By moving to iterators my hope was this area would be easier to read, however it is still not ideal. Any suggestions for further refactoring would be appreciated.

MaskRay accepted this revision.Mar 2 2020, 9:04 AM
This revision is now accepted and ready to land.Mar 2 2020, 9:04 AM
This revision was automatically updated to reflect the committed changes.
sbc100 added a subscriber: sbc100.Mar 3 2020, 11:47 AM

It looks like there is some inconsistency about what default to use.

clang seems to default to GNU style, even when running on windows: https://github.com/llvm/llvm-project/blob/master/clang/tools/driver/driver.cpp#L386
This can be overridden by --driver-mode=cl or --rsp-quoting=windows, but the default with no arguments seems to be GNU.

The wasm version of lld (which I work on) also defaults to GNU style (https://github.com/llvm/llvm-project/blob/9989b859efccafacb0cc1f8d393d8b9fc49f4037/lld/wasm/Driver.cpp#L168) although the other lld flavors have logic that matches that in this change.

Do wasm-ld and clang need updating too?

ruiu added a comment.Mar 4 2020, 1:05 AM

lld's default choices are different among platforms as we are trying to match the native linkers' behaviors. So is true to clang; if you invoke clang as clang-cl (which is a Microsoft-compatible compiler driver), the value is set to Windows by default. I think we didn't have any other policy than this, as we are creating drop-in replacements.
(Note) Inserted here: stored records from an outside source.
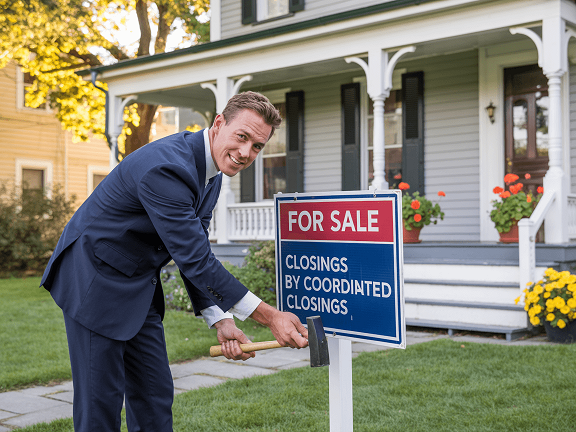 Real estate Agent sold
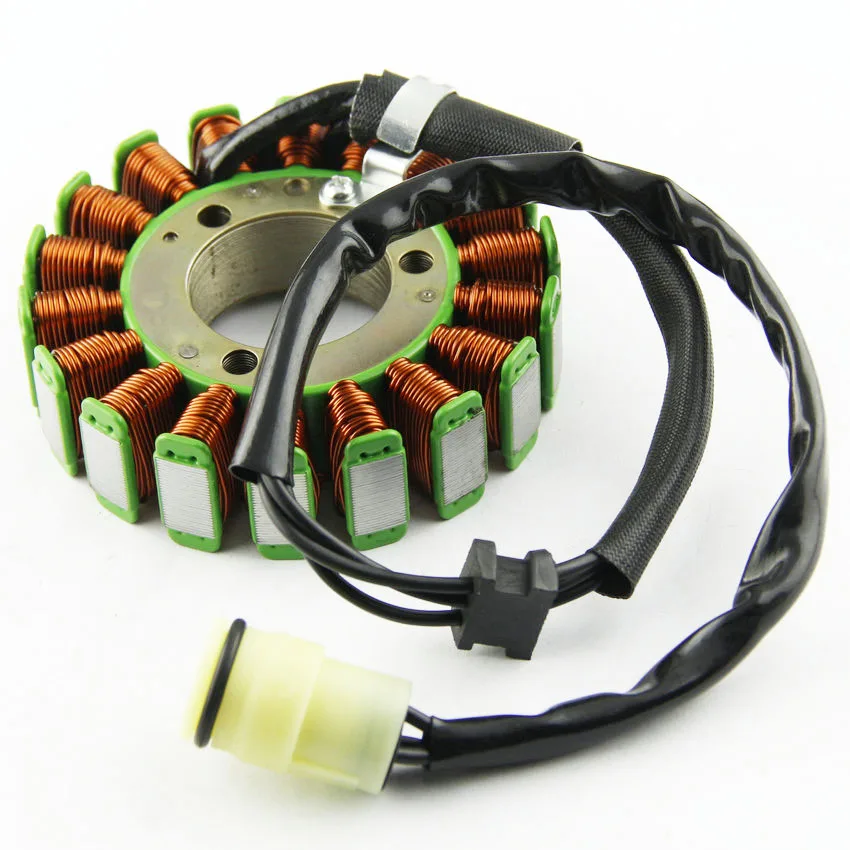 Мотоцикл магнитная катушка статора 18 полюсов 12V катушки для Kawasaki 21003-1174 210031174 KAF450 без задников с 1000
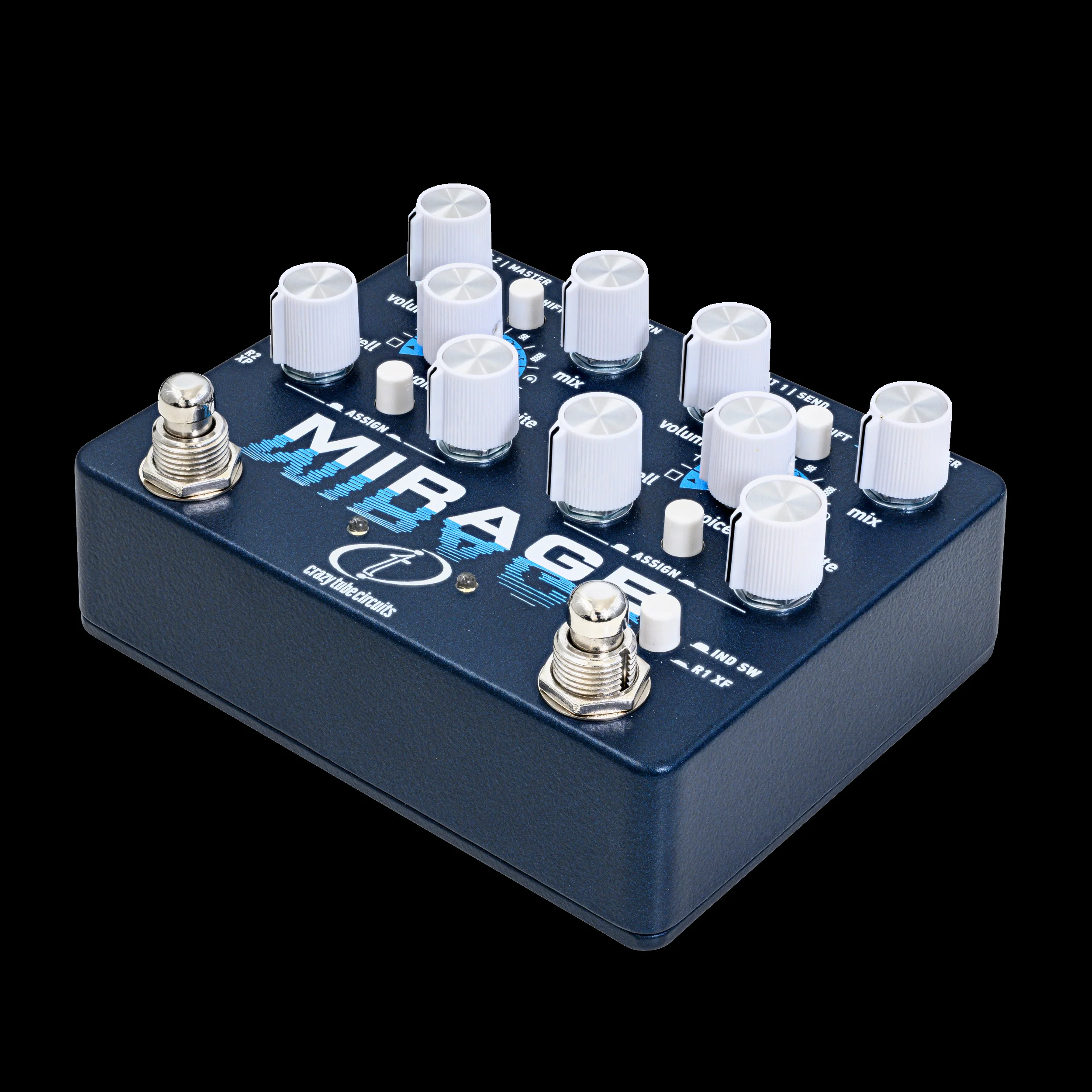 Crazy Tube Circuits Mirage Dual Reverb Pedal - Image 3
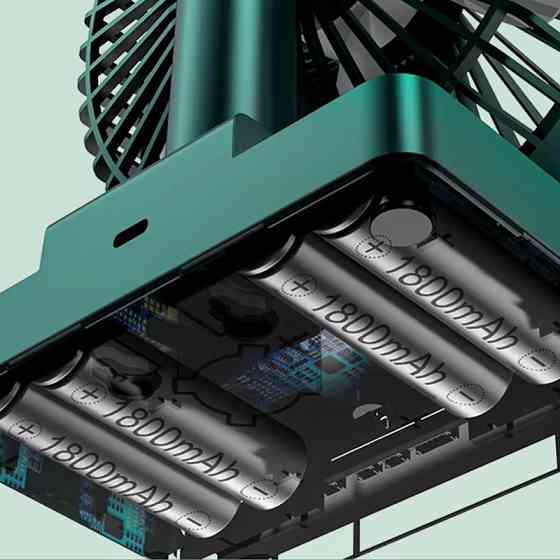 Настольный вентилятор DF11-B with clock 7200 mAh Херсон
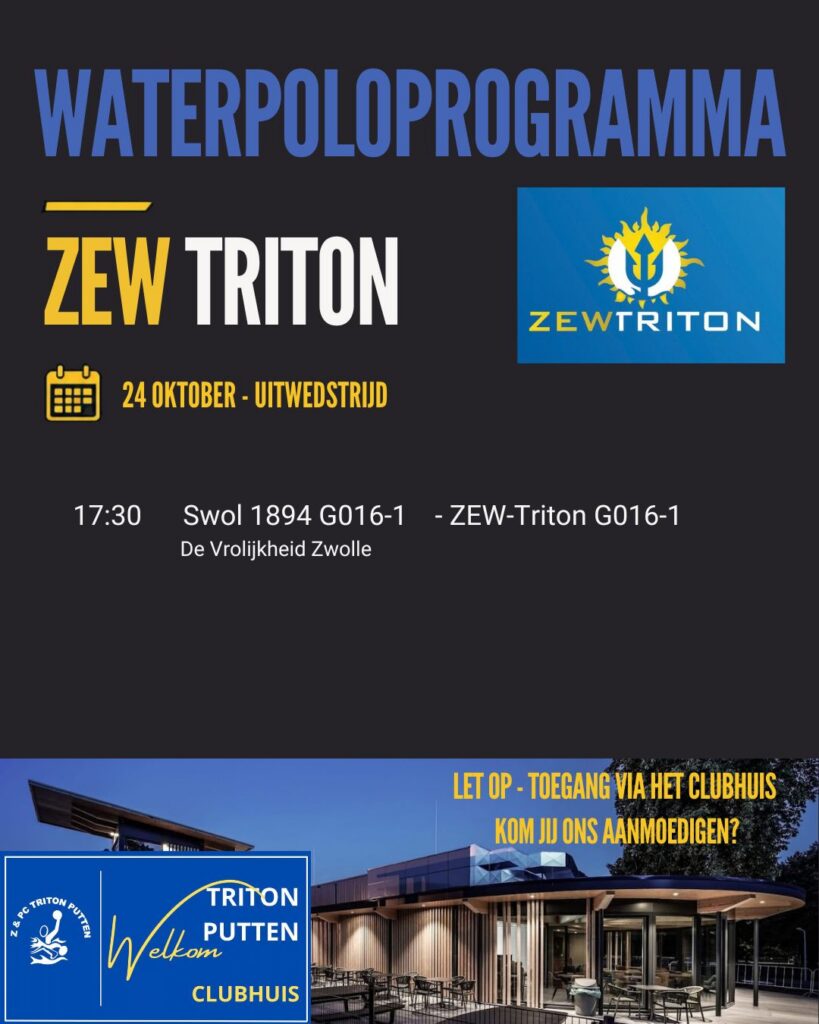 Waterpolo wedstrijden @ de Vrolijkheid Zwolle
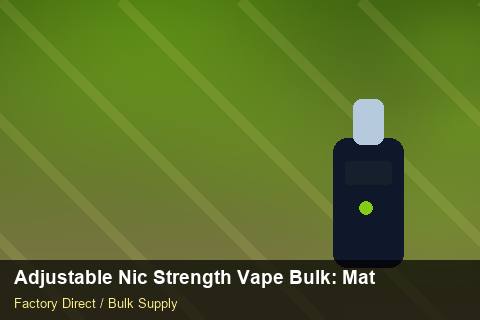 Adjustable Nic Strength Vape Bulk — Adjustable Nic Strength Vape Bulk: Material & Ingredients — MOQ Explained photo 2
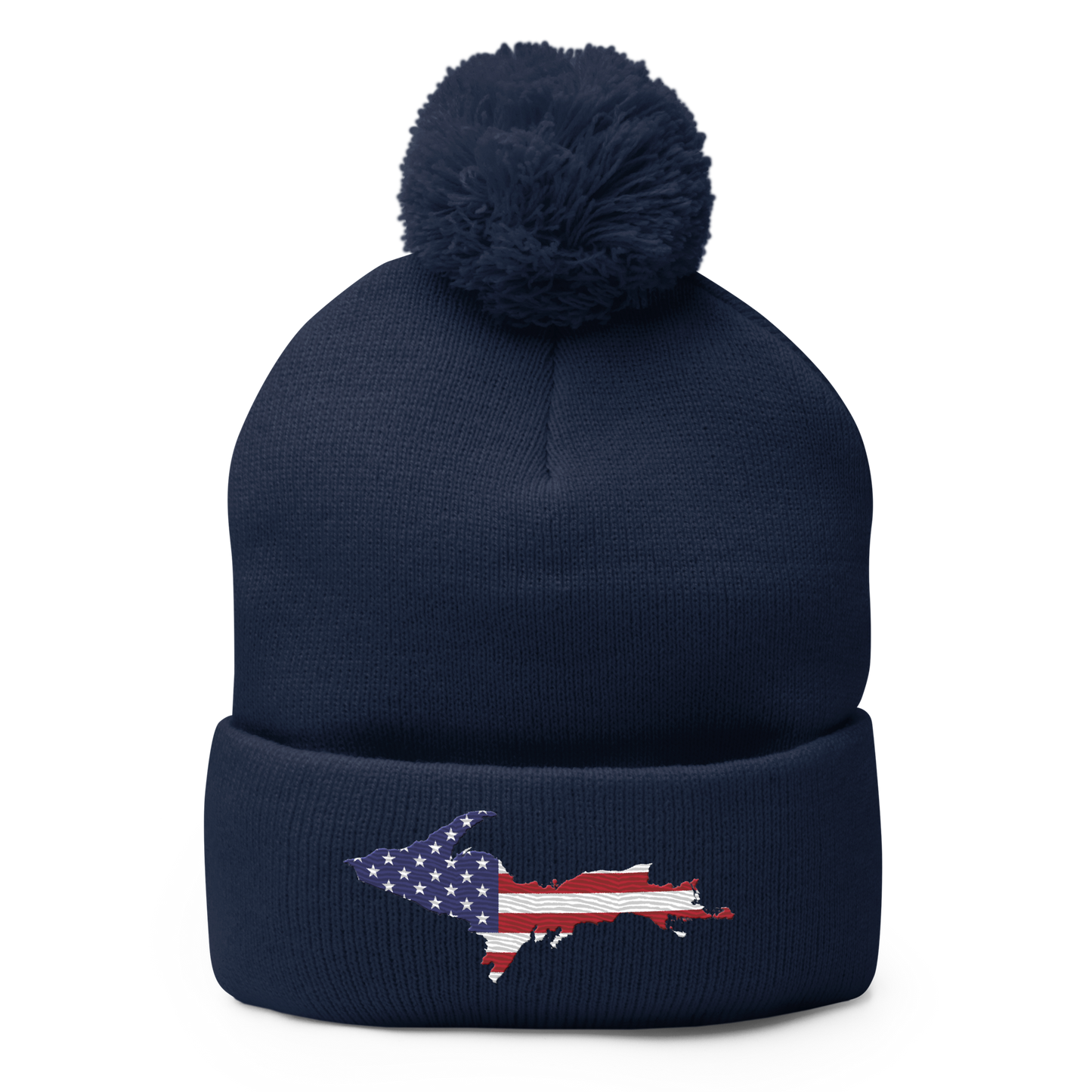 Upper Peninsula Pom-Pom Beanie | Patriotic Edition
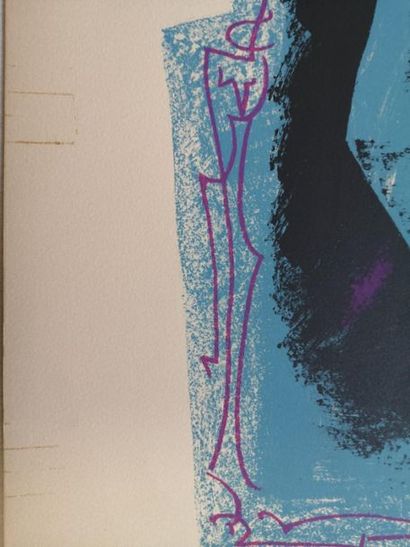null André MASSON (1896-1987) :
Couple
Lithographie en couleurs, signée en bas à...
As to wasm-ld, I don't think you need to care about compatibility, as this is the first (and perhaps the only?) linker for wasm. So I would stick with GNU-style quoting instead of make it vary depending on platform to keep it simple.

gbreynoo added a comment.EditedMar 4 2020, 1:12 AM

Hi sbc100, thanks for highlighting this inconsistency. I think ideally for the sake of consistency, wasm-ld and clang would be updated too. I wonder if it would be worth the effort to have some kind of shared implementation for this?

Regarding Rui's point, I think there is a balance with giving Windows users the command line behaviour they expect. Is it least surprising to them that there is difference in default behaviour between platforms or that the default behaviour for Windows is not Windows style?

sbc100 added a comment.Mar 4 2020, 4:40 AM

This issue we in emscripten is really consistency. We have a compiler driver that invokes clang, llvm-ar, llvm-nm, and wasm-ld. We have logic that uses response files for long command lines. I think it's reasonable to expect that all the tools should have the same default, no? Otherwise each subprocess callsite needs to encode the rsp style .. per tool and per platform.

ruiu added a comment.Mar 5 2020, 11:26 PM

Yeah, that's another type of consistency, and if you feel that that consistency is more important, feel free to make a change to wasm-ld so that the tool defaults to runtime OS's rsp-quoting style.